→ **Material supplied**:
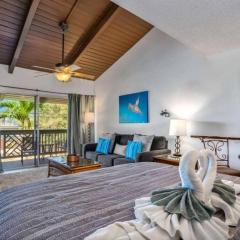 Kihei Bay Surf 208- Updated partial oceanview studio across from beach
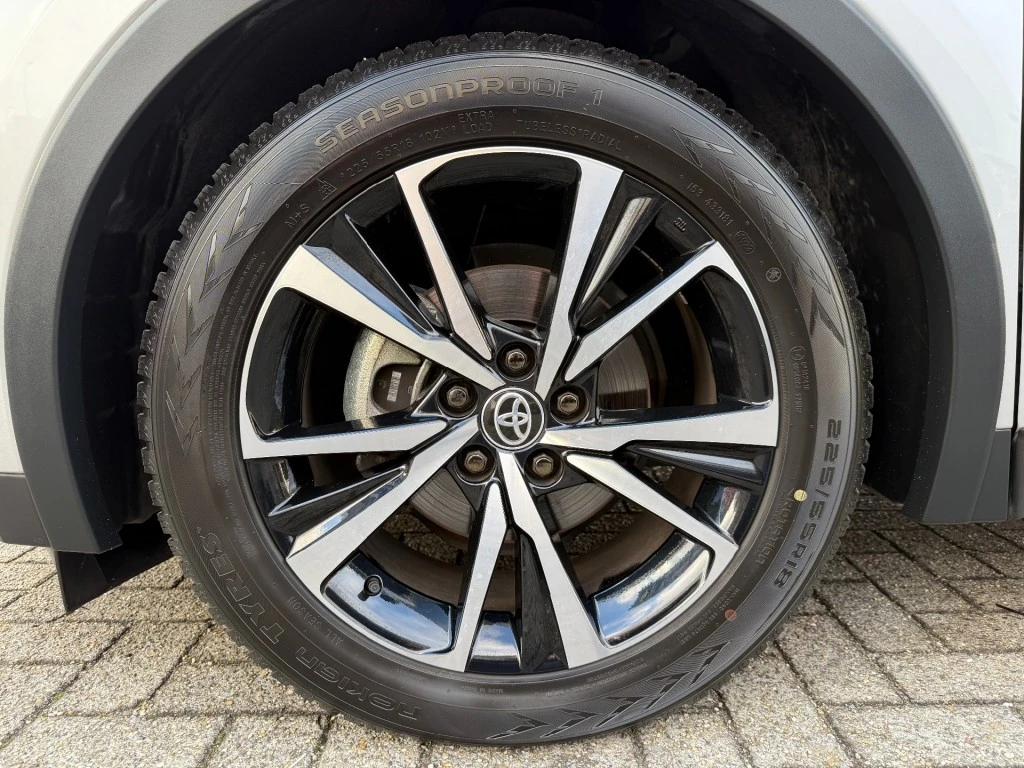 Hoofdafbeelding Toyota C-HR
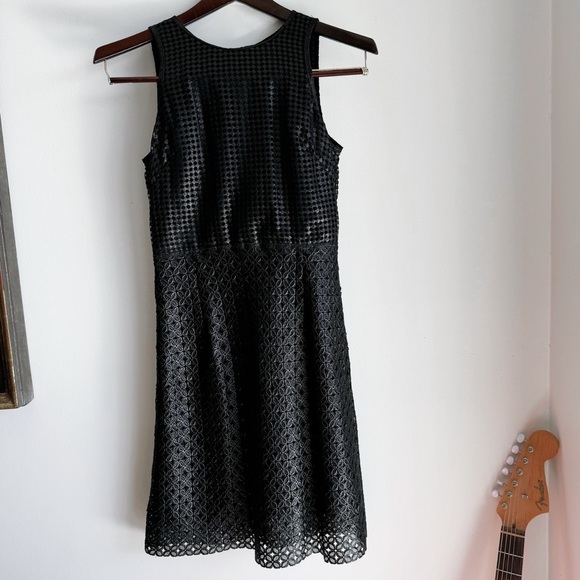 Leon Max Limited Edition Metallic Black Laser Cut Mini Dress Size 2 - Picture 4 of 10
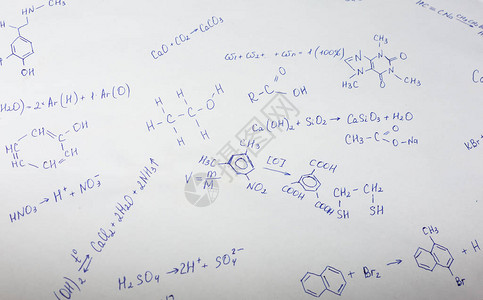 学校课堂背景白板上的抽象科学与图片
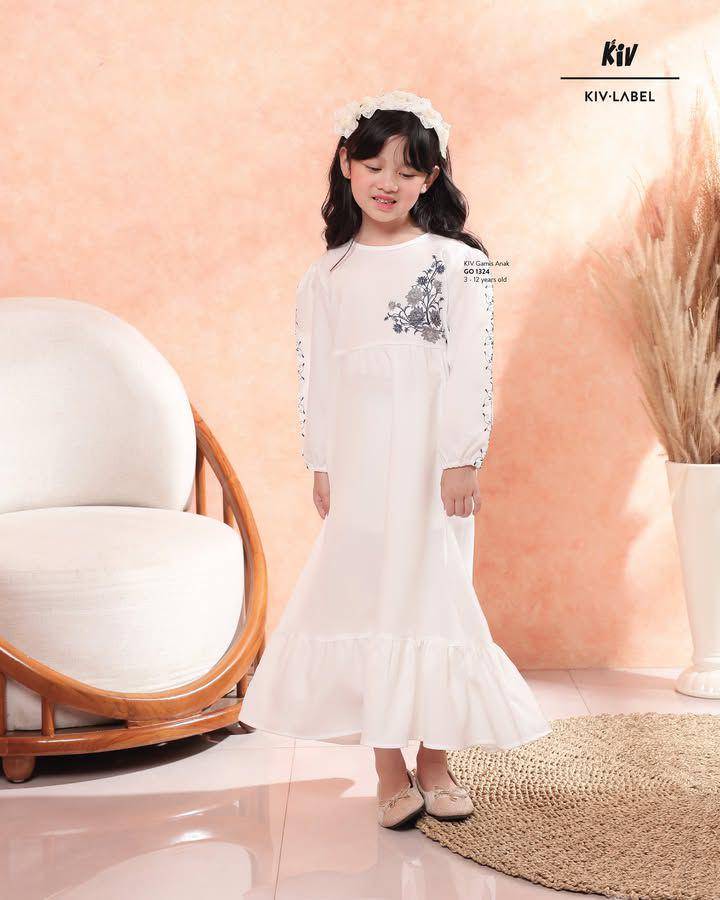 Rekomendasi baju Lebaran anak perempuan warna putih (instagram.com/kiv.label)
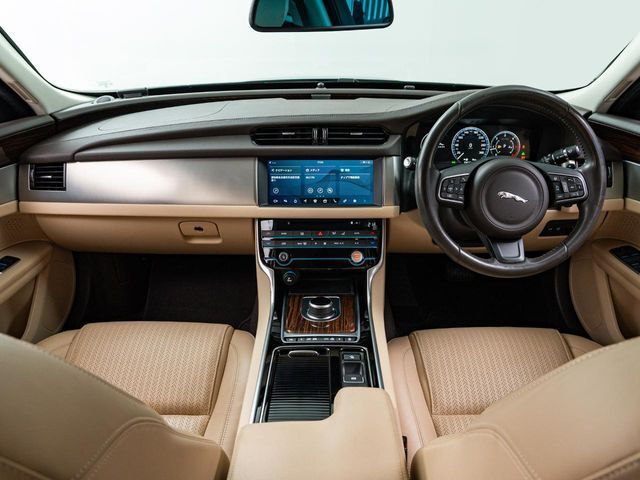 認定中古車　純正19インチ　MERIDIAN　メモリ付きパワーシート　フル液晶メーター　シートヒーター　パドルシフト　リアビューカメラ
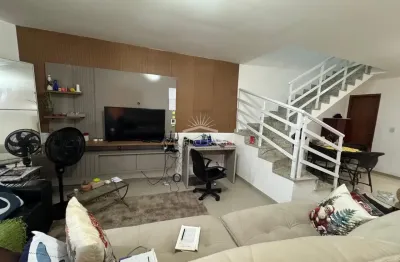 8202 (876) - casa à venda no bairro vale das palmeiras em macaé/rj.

* * *

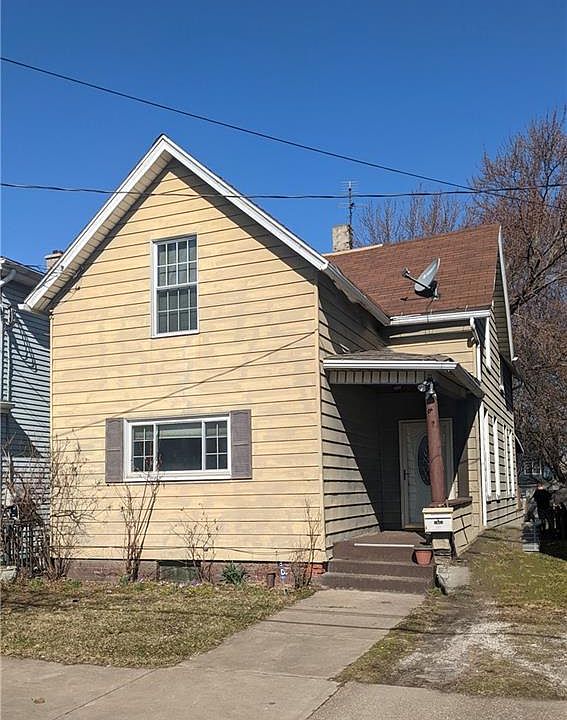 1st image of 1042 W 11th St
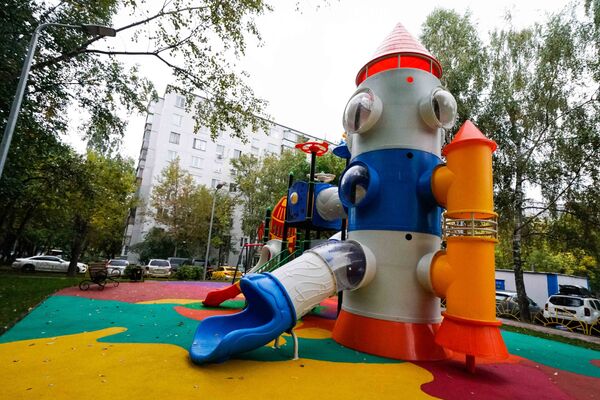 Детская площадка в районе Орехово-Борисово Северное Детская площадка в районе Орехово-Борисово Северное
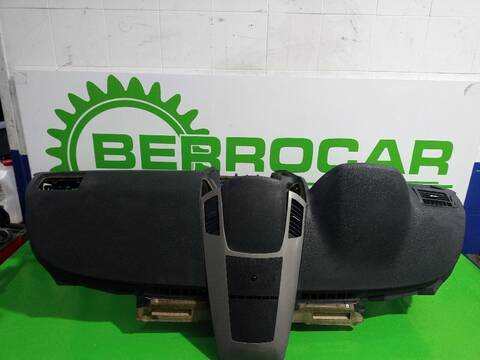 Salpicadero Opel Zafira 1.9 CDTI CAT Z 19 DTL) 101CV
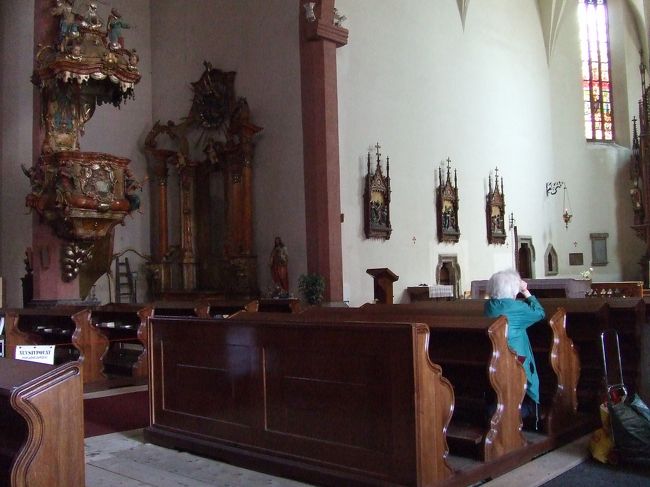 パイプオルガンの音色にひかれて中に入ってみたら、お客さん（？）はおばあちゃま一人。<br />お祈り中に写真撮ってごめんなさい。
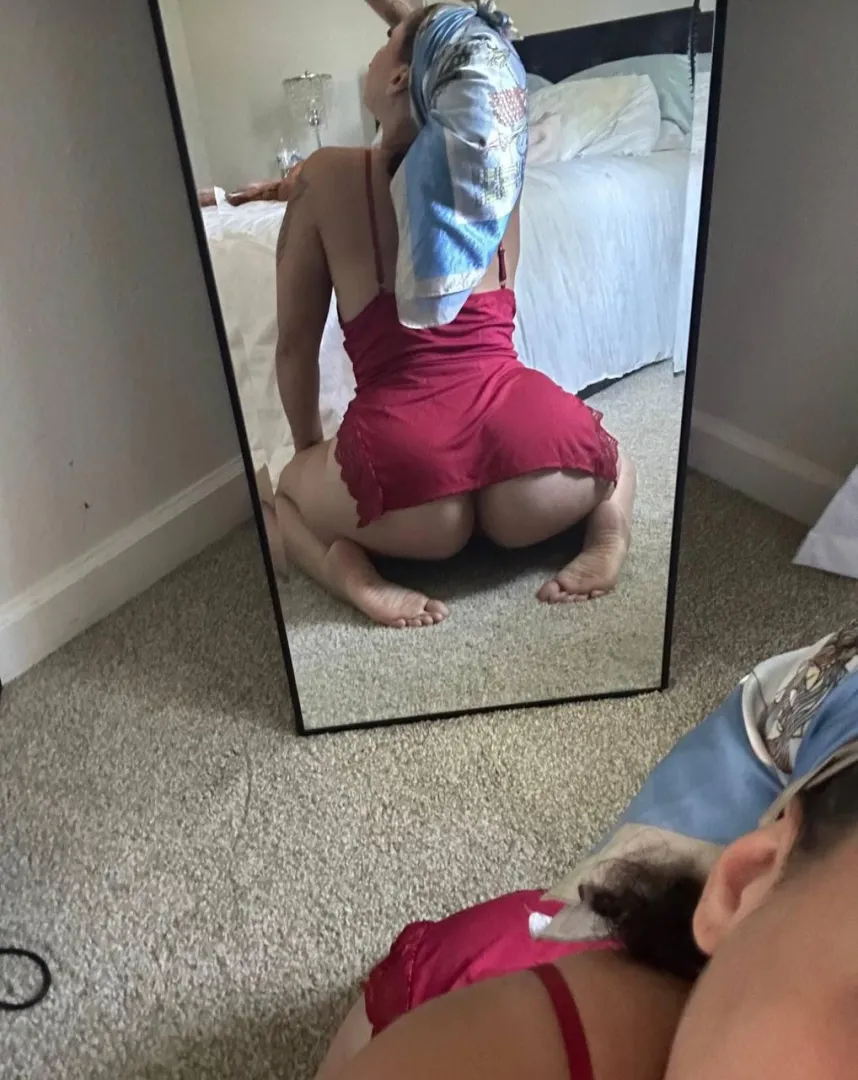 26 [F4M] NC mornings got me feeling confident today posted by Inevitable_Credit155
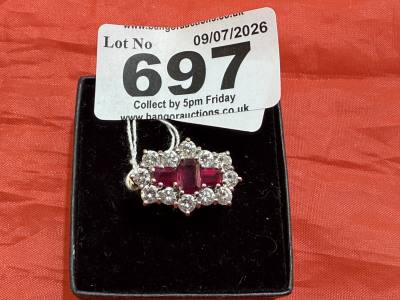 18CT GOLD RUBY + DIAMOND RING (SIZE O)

→ **About this exercise**:
I would like the exact lines from the data above, starting with the one that holds "Kihei Bay Surf" and going on through the one that holds "Rekomendasi baju Lebaran", without the pictures.

→ **Response below**:
 Kihei Bay Surf 208- Updated partial oceanview studio across from beach
 Hoofdafbeelding Toyota C-HR
 Leon Max Limited Edition Metallic Black Laser Cut Mini Dress Size 2 - Picture 4 of 10
 学校课堂背景白板上的抽象科学与图片
 Rekomendasi baju Lebaran anak perempuan warna putih (instagram.com/kiv.label)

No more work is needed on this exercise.